● **WORK TO BE COMPLETED**
Where a line contains "Maxton Design Спойлер", start there and write out that line and each one after it, word for word, through the final line of the entries; add nothing else.

Records from a dataset
..............................

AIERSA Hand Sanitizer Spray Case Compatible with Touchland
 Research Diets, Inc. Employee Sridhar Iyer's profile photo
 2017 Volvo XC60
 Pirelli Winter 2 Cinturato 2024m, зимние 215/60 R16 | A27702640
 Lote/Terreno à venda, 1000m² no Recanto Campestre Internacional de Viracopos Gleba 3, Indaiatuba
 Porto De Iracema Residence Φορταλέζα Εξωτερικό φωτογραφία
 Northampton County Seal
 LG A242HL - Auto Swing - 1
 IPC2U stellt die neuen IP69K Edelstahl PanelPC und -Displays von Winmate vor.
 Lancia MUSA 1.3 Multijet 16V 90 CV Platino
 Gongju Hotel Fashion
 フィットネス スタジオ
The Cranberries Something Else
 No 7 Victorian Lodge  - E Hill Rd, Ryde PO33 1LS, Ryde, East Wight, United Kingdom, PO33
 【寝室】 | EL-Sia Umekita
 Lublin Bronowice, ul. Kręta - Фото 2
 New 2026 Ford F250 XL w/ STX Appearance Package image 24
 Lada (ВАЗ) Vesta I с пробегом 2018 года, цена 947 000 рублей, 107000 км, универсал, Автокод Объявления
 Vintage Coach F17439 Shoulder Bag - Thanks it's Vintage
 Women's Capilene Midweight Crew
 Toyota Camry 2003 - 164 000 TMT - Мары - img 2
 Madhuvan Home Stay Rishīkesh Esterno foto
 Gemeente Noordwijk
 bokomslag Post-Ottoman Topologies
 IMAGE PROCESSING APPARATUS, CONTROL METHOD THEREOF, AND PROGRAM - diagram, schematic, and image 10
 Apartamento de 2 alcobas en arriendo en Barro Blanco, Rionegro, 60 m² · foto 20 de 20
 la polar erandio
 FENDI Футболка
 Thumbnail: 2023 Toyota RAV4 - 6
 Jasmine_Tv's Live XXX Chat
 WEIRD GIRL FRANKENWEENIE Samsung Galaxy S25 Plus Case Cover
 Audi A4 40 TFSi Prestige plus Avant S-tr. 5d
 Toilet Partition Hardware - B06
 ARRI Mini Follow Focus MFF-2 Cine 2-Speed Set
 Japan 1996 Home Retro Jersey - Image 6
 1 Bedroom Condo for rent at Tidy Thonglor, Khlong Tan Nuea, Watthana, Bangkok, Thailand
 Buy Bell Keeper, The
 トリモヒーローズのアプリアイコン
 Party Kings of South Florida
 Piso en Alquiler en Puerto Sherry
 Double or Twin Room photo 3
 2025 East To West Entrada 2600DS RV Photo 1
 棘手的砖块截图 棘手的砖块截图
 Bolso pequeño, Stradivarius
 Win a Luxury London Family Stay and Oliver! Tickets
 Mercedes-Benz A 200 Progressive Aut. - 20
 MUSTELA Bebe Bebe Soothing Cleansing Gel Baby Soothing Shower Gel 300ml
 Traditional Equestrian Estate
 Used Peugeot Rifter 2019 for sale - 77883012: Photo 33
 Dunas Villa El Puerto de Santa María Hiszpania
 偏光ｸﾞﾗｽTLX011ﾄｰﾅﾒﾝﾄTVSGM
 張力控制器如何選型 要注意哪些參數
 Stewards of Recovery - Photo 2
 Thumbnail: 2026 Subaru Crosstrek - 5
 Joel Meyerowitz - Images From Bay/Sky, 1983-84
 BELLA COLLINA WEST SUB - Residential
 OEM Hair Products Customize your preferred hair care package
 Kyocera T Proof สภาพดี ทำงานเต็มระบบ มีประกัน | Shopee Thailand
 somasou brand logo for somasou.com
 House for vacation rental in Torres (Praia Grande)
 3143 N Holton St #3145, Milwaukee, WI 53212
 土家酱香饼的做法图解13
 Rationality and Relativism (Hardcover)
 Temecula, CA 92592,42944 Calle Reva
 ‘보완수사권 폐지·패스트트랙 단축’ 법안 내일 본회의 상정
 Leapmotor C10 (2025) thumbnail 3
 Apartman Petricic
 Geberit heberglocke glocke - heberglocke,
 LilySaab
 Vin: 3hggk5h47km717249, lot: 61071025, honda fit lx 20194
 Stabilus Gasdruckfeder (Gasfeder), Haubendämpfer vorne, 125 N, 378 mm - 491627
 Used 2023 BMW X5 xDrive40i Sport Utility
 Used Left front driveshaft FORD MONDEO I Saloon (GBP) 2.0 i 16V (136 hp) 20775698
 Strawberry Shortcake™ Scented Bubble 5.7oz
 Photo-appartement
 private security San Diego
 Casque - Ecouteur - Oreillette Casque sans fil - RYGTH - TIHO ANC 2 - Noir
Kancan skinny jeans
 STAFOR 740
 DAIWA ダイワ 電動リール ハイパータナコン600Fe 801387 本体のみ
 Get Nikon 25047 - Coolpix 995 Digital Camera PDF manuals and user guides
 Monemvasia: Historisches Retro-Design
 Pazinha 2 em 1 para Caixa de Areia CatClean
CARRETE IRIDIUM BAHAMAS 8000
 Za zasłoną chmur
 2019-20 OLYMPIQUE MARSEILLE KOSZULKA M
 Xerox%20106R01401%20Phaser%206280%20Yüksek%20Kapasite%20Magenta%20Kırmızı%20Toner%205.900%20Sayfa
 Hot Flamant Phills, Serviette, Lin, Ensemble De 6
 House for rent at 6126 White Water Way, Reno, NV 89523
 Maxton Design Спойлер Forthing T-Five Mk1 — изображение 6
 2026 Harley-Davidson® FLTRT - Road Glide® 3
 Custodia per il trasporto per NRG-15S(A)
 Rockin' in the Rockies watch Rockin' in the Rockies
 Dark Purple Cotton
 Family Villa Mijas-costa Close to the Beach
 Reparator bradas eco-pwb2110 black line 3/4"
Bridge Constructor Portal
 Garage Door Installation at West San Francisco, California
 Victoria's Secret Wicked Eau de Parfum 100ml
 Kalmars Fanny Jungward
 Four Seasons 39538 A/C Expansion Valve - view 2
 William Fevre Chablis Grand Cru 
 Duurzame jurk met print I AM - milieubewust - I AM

..............................

● **RESPONSE BELOW**
 Maxton Design Спойлер Forthing T-Five Mk1 — изображение 6
 2026 Harley-Davidson® FLTRT - Road Glide® 3
 Custodia per il trasporto per NRG-15S(A)
 Rockin' in the Rockies watch Rockin' in the Rockies
 Dark Purple Cotton
 Family Villa Mijas-costa Close to the Beach
 Reparator bradas eco-pwb2110 black line 3/4"
Bridge Constructor Portal
 Garage Door Installation at West San Francisco, California
 Victoria's Secret Wicked Eau de Parfum 100ml
 Kalmars Fanny Jungward
 Four Seasons 39538 A/C Expansion Valve - view 2
 William Fevre Chablis Grand Cru 
 Duurzame jurk met print I AM - milieubewust - I AM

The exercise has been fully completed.